XCP-ng
    • Categories
    • Recent
    • Tags
    • Popular
    • Users
    • Groups
    • Register
    • Login

    XO task watcher issue/CR broken

    Scheduled Pinned Locked Moved Solved Xen Orchestra
    71 Posts 6 Posters 12.7k Views 7 Watching
    Loading More Posts
    • Oldest to Newest
    • Newest to Oldest
    • Most Votes
    Reply
    • Reply as topic
    Log in to reply
    This topic has been deleted. Only users with topic management privileges can see it.
    • julien-fJ Offline
      julien-f Vates 🪐 Co-Founder XO Team @magicker
      last edited by

      magicker Any differences between the two hosts? XCP-ng versions maybe?

      JamfoFLJ 1 Reply Last reply Reply Quote 0
      • JamfoFLJ Offline
        JamfoFL @julien-f
        last edited by

        Jumping in as another "victim"... I have lost almost all ability to run any kinds of backups.

        System information:

        XO from Sources
        XO-Server: 5.109.0
        XO-Web: 5.111.0
        Commit: d4bbf

        I had no issues running any kinds of backups prior to applying the latest commits two weeks ago, Monday, February 6, 2023. After applying that commit, everything seemed to be OK until late that evening. At that time, one of my CR jobs started and never completed. All of the subsequent jobs failed, of course, because another job was already running. I was able to delete the job and restarted the toolstacks and rebuilt a new job. This started to spread until, eventually, all of my CR jobs would fail. That issue has now spread and my DR jobs are now failing, too. Out of the seven backup jobs that were working with no issues prior to that date, I am now only able to run one job successfully, and that is a DR job.

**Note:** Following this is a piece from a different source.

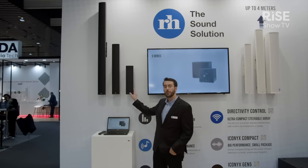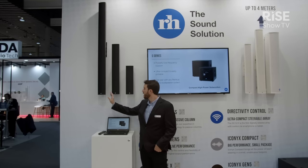There are three models in the range: the UBX4, the UBX8, and the UBX16.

        The DR and CR jobs are written to different repositories (the CR jobs are written to the storage repository on one of the other XCP-ng servers and the DR jobs are written to an NFS share).

        I tried running the cr-issue branch update that julien-f recommended, and modified my config.toml file with the ignorePrematureClose = true code that was also recommended. Nothing works.

        If I try to run a DR job now, even a brand-new one, it looks like it wants to start and create the snapshot, but then fails and actually shows it will start in 53.086 years.

        Anything I can get, just let me know what to pull and I'll add it here... hopefully that will help. Right now, I'm able to only back up a single VM!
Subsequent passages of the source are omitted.